Exercise aim
Your reply should set down word for word each line below from the one with "Solitaire Women Pendant" through the final line, both included, but none of the pictures.

Given material
_ _ _ _

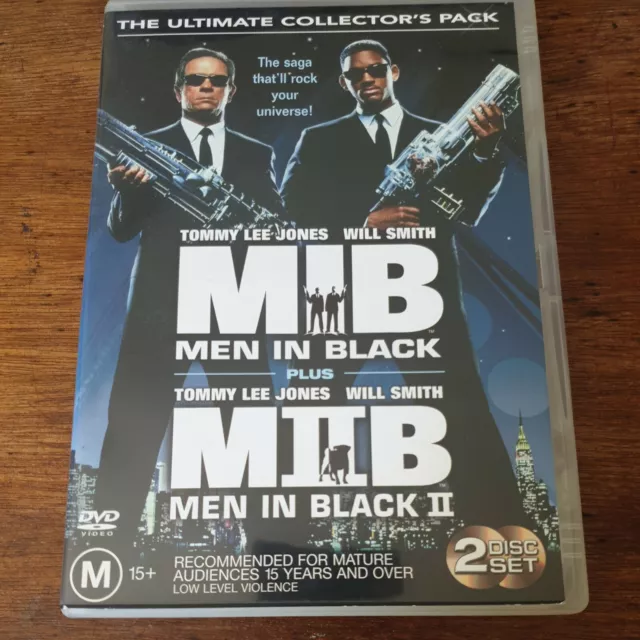 Men in Black 1 + 2 Ultimate Collector's Pack I II DVD R4 Like New! FREE POST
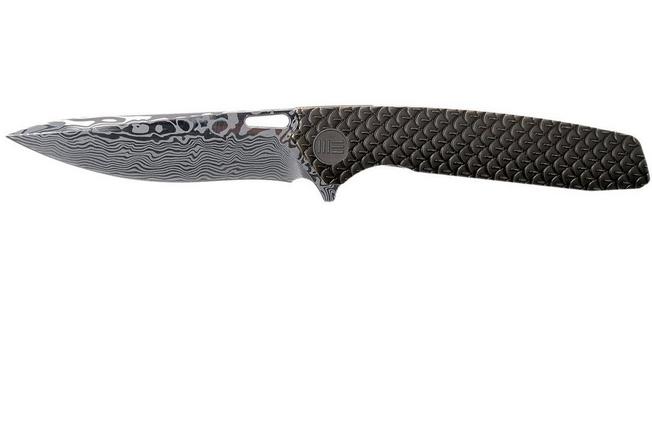 Image for WE Knife 604DS Damasteel Limited Edition drop point pocket knife
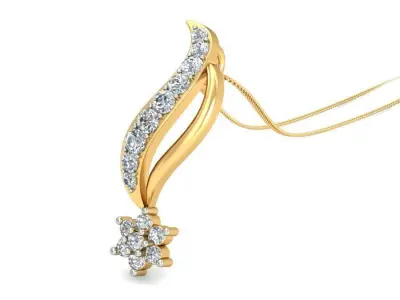 Solitaire Women Pendant 3dm STL OBJ FBX Renders Details 3D print model 48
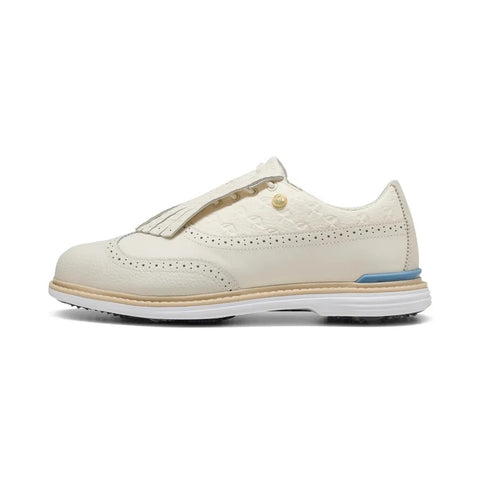 Puma Arnold Palmer Royale Wingtip Golf Shoes - Ivory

_ _ _ _

Task result
 Solitaire Women Pendant 3dm STL OBJ FBX Renders Details 3D print model 48
 Puma Arnold Palmer Royale Wingtip Golf Shoes - Ivory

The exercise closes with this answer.